Tuesday, March 30, 2021

 

Oil Refinery in Indonesia Catches Fire, Prompting an Evacuation

The state-owned oil company, Pertamina, which operates the refinery on the island of Java, suggested the fire may have been caused by a lightning strike.

Thick smoke rose from a fire at a state-run oil refinery in West Java, Indonesia, on Monday.
Credit...Agus Sipur/Agence France-Presse — Getty Images


By Dera Menra Sijabat and March 29, 2021

JAKARTA, Indonesia — An oil refinery on the Indonesian island of Java caught fire early Monday, sending flames and smoke towering into the sky, seriously injuring six people and prompting an evacuation of nearly 1,000 nearby residents.

The blaze at the Balongan refinery in West Java Province started shortly after midnight and burned through the night and all day Monday. Pertamina, the state-owned company that operates the refinery, said it could not estimate when firefighters would be able to extinguish the fire, which was visible for miles.

In videos of the fire shared on social media, the sound of an explosion can be heard at the facility, which is about 110 miles east of Jakarta, the capital. As residents ran from the fire in panic, a 61-year-old man suffered a heart attack and died, the authorities said.

Hundreds of houses near the refinery were damaged when the explosion caused windows to shatter, prompting the mass evacuation, Pertamina said.

The company suggested that the fire may have been started by a lightning strike.

The blaze at the Balongan refinery was visible for miles
Credit...EPA, via Shutterstock

“The cause of the fire is not known with certainty, but at the time of the incident, it was raining heavily accompanied by lightning,” the company said in a statement.

Ifki Sukarya, a Pertamina spokesman, said three giant gasoline storage tanks initially caught fire. Firefighting crews tried to keep it from spreading to a fourth tank but were unsuccessful.

The six people who were seriously injured lived near the refinery, he said. Twenty-three others received treatment for minor injuries. Residents reported a strong smell of fuel, which caused some people to become ill.

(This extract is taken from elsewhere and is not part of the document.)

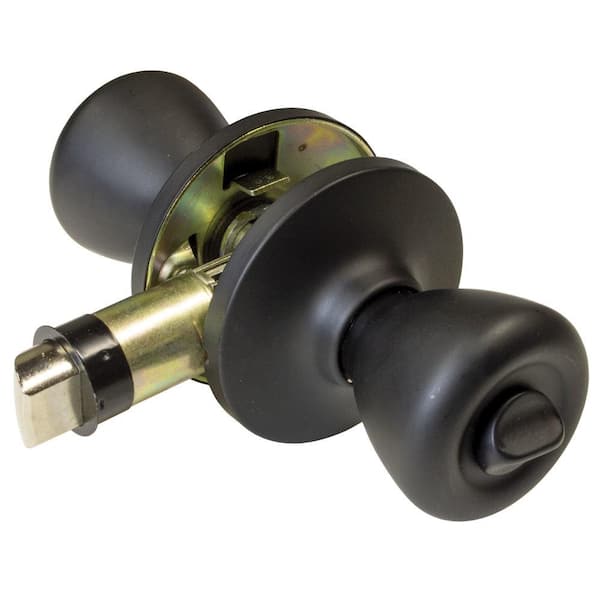 Unbranded Locking Knob Set - Matte Black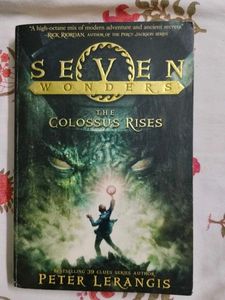 The Colossus Rises (Seven Wonders series #1)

Two years ago, the company was responsible for another disaster when crude oil leaked from an offshore well and contaminated a 12-mile stretch of the West Java shoreline between the refinery and Jakarta. Environmentalists criticized the company, saying it acted too slowly to contain the spill.

Company officials said on Monday that they hoped to have the refinery operating within four or five days. They said damage from the fire was mainly confined to the storage tanks and did not significantly affect operations at the refinery, which supplies the Jakarta area.

The company said the fire would not jeopardize its fuel supply and that it had enough gasoline on hand to supply the country for about four weeks.

At the time of the fire, there was heavy rain and lightning. By daybreak, things had cleared, but the fires continued to burn.
Credit...Associated Press

Dera Menra Sijabat reported from Jakarta, and Richard C. Paddock from Bangkok.